Deconstructing a Method of Proselytism
I study religion as an academic subject and specialize in Mormon mission history and theory. The other day, I spoke with a Latter-day Saint who appeared a little confused that someone could make a career of this. He brought up Preach My Gospel, the church's official manual and statement on missionary work, and implied that this closed the canon on missionary discourse. The thinking is done, the missionary task is hard at work, so why mess with it? He could understand the historical value of interpreting and assessing our missionary past. But the theoretical part of it left him, what I thought seemed, a bit incredulous.
I came across a story in my thesis research that downright ticked me off. And then I realized that Latter-day Saints reinforce stories like these frequently in their missionary discourse. The consequences of allowing this kind of behavior extend into many dimensions of social exchange. Mormons already generally feel a tension between the world and Zion, which I would further describe as an us/them mentality. So when they feel sanctioned to practice their missionary work or to in the very least approach their missionary work with an allowance for this kind of behavior, it further complicates the tension. I'll explain why in a moment. But first, a quotation from the missionary's journal:
"I went back in to her father and said: 'You're next. Come on.' He refused. His wife walked away and with tears in her eyes said to me: 'John's ready, I know he is. He has been attending church for years, keeps all the standards of the Church, and has been a dry-land Mormon.' I said: 'Brother Bancroft, your wife just told me with tears in her eyes that you are ready for baptism.' He bristled: 'Oh, she did. Well, I'm not.' I said: 'And furthermore, I say you are and that you are going to be baptized. Now you come with me peaceably or I'll get one of these elders to help me carry you out.' He refused. I put my arm under his, lifted him slightly off the floor and marched him down the aisle of the chapel, across the amusement hall, out through the patio, and into the room where the baptismal clothes are stored. All the way out he kept saying, 'I am not joining the Church; I won't be baptized; you can't force me; it doesn't matter what my wife thinks; I'm not joining the Church.' I simply assured him verbally and physically that he was. When we got into the room with the clothing, someone was already handing items to the other young man, and I asked 'Brother' Bancroft what size pants he wore. He did not respond. I held a pair up to him and said, 'These will fit you,' and put them over his arm, and then asked for his shirt size. He said: 'Sixteen,' and with that single word agreed to join the Church. With his clothes, I marched him across the foyer to the dressing room. Since he had been around the Church for years, people began flocking around to shake his hand. I said: 'You folks please leave us alone and do not interfere.'
"By this time a couple of hundred people were aware of what was going on and so they congregated in the outside patio to watch. I marched Brother Bancroft over to the dressing room, took him in, and said: 'Get dressed.' He had given up and began taking his shirt off. I said: 'I've got someone else, but I'm posting a guard at the door.'
"Well, by this time the stage was set and so the elders who had contacts at the conference who they thought should join the Church began taking me from one to the other, and in each instance after five or ten minutes' conversation and a little gentle persuasion, one after another agreed to join the Church, until we ended up with nine baptisms—not one of whom had come with the slightest intention of being baptized.

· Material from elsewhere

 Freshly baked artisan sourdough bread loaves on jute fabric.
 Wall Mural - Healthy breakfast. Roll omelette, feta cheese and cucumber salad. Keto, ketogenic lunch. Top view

The compulsion here is appalling. To physically force a man, in the presence of a congregation of other persons, to go into a dressing room and prepare for baptism against his will astounds me—it's unconscionable in the extreme.
This missionary was actually, in the Mormon system, a mission president. And (to complicate things) he was also serving as a general authority at the time. He later became an apostle. This account comes from Bruce R. McConkie's diary and can be found in his son's memoir, The Bruce R. McConkie Story: Reflections of a Son.
I'm disturbed by this account because of its positive valuation among Latter-day Saints. Of course, in normal circumstances, one doesn't walk up to a man, demand that he be baptized, and then physically force him to do it. But if prompted by the Spirit, such a thing is appropriate, even heroic. Joseph Fielding McConkie continues the story by mentioning how he met Brother Bancroft's son Bruce: the man held his manhandling baptist (little "b") in such esteem that he named a child after him. In the end, the wife and family had prayed for divine intervention, and God brought it in the form of an abusive mission president exercising dominion over someone who vehemently expressed a desire not to be baptized into the Mormon church.
This thinking is dangerous for Mormon missiology because it perpetuates the possibility that, in theory, a missionary and/or other family members can exercise enough faith to bring about a baptism of another individual, even if it's against his or her will. This can lead to (many times intense) pressure to produce results as a missionary. Even in their first lessons, Mormon missionaries proclaim individual agency as a core doctrine for Mormon theodicy: God is omnibenevolent, but evil exists in the world because he will never take away one's agency, or will to choose good/evil. Yet their behavior betrays this affirmation. They pray that God will intervene and bring someone to conversion. That's an appropriate prayer, until it moves to an extreme. At this very moment, you could find Mormon missionaries in the middle of a longer-than-average fast in order to call down enough spiritual response from heaven that somebody or more become baptized. A more appropriate fast would be for something related to the individual missionary, like fasting for an added conviction of one's missionary message, or fasting for physical strength to work hard, or fasting for a more cheerful or optimistic countenance, and so on.
That pressure to perform also risks turning a blind eye to the enormous good that missionaries are currently doing for their religion. Missionaries and Mormons can ignore positive effects on society brought about by missionary service because such service might not directly contribute to baptisms. This interpretation of missionary activity perpetuates the us/them worldview, or at least supports the basis for that thinking. We are sent to teach people, rather than to serve people. I have recently read about a missionary feeling as though he is on the front lines of a spiritual war literally combating Satan in the struggle for souls. That may be a legitimate phenomenon and valid emotion, but I would hope that he would consider his own soul as needing third-party support against the wiles of a deceptive adversary, particularly through the person and power of Jesus. We all need that support. We all need to support each other. And we all need the respect and courtesy of taking our own steps toward those ends by our own desire and choice.
And let's congratulate our missionaries for service well-rendered, not baptisms "attained."
That one individual may be right in thinking that working in Mormon mission theory may be incompatible in a post-Preach My Gospel culture. But I'd hope Mormons would have enough caution and desire to improve their missionary effort that they could understand the value of renegotiating our missional and cultural impulses and traditions.